## Work order
Set down again exactly the lines of the listing below that fall between the line holding "Ensemble de draps" and the line holding "DOUBLET Polo Shirt", inclusive.
Given data below:
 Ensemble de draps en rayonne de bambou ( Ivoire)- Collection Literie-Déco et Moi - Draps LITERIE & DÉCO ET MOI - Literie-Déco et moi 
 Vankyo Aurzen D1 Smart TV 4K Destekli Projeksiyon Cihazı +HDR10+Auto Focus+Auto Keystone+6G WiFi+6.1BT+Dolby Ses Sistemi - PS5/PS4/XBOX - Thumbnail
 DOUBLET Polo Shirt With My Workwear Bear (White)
End of Given data.
Given data below:
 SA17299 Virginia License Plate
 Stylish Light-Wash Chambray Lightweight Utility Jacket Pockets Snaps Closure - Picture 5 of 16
End of Given data.
Given data below:
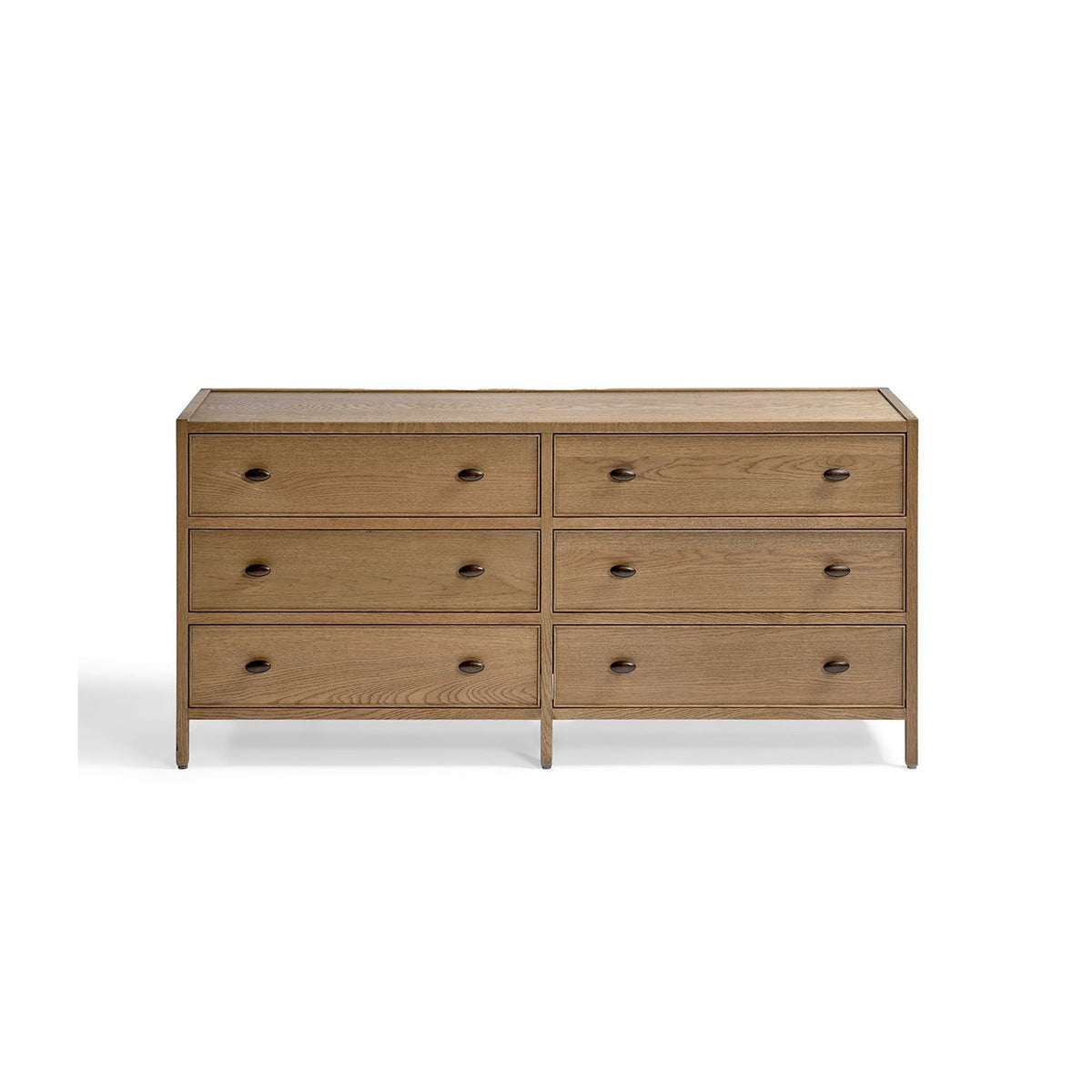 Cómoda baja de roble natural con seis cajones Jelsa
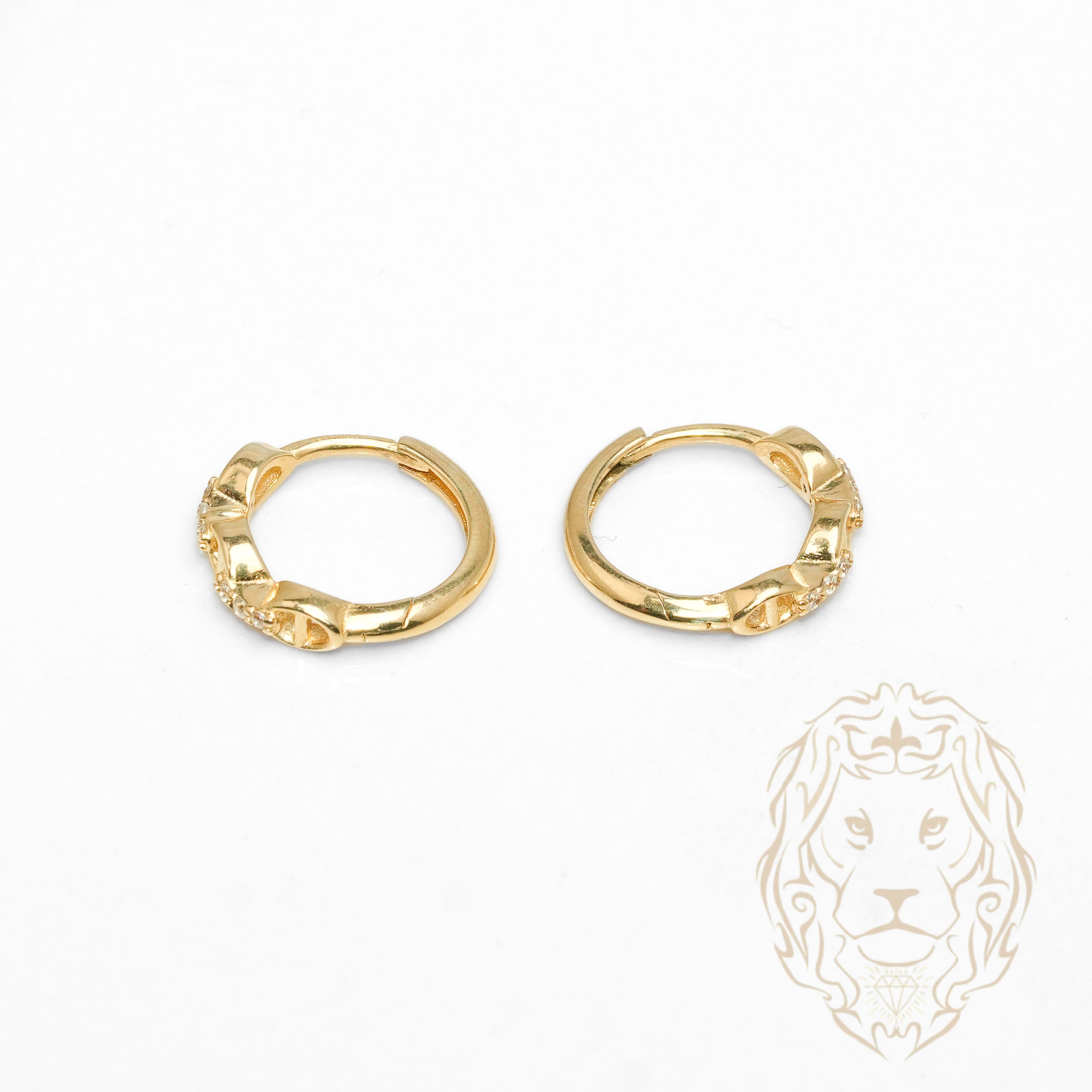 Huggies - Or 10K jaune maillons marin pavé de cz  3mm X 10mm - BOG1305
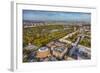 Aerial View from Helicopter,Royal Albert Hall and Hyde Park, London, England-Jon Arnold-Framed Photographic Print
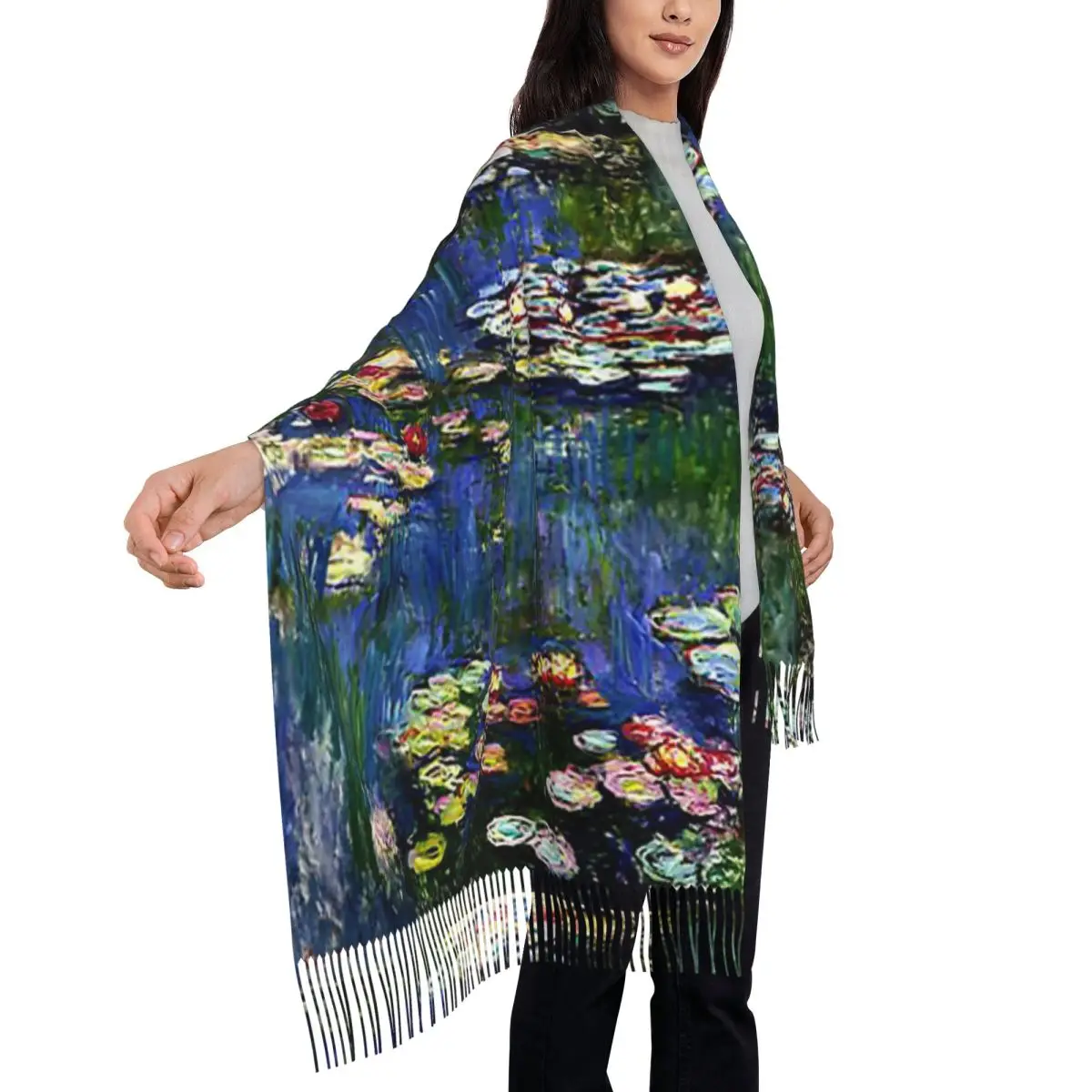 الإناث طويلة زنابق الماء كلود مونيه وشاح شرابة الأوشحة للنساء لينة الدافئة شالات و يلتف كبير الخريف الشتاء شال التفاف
End of Given data.
## Response area
 Ensemble de draps en rayonne de bambou ( Ivoire)- Collection Literie-Déco et Moi - Draps LITERIE & DÉCO ET MOI - Literie-Déco et moi 
 Vankyo Aurzen D1 Smart TV 4K Destekli Projeksiyon Cihazı +HDR10+Auto Focus+Auto Keystone+6G WiFi+6.1BT+Dolby Ses Sistemi - PS5/PS4/XBOX - Thumbnail
 DOUBLET Polo Shirt With My Workwear Bear (White)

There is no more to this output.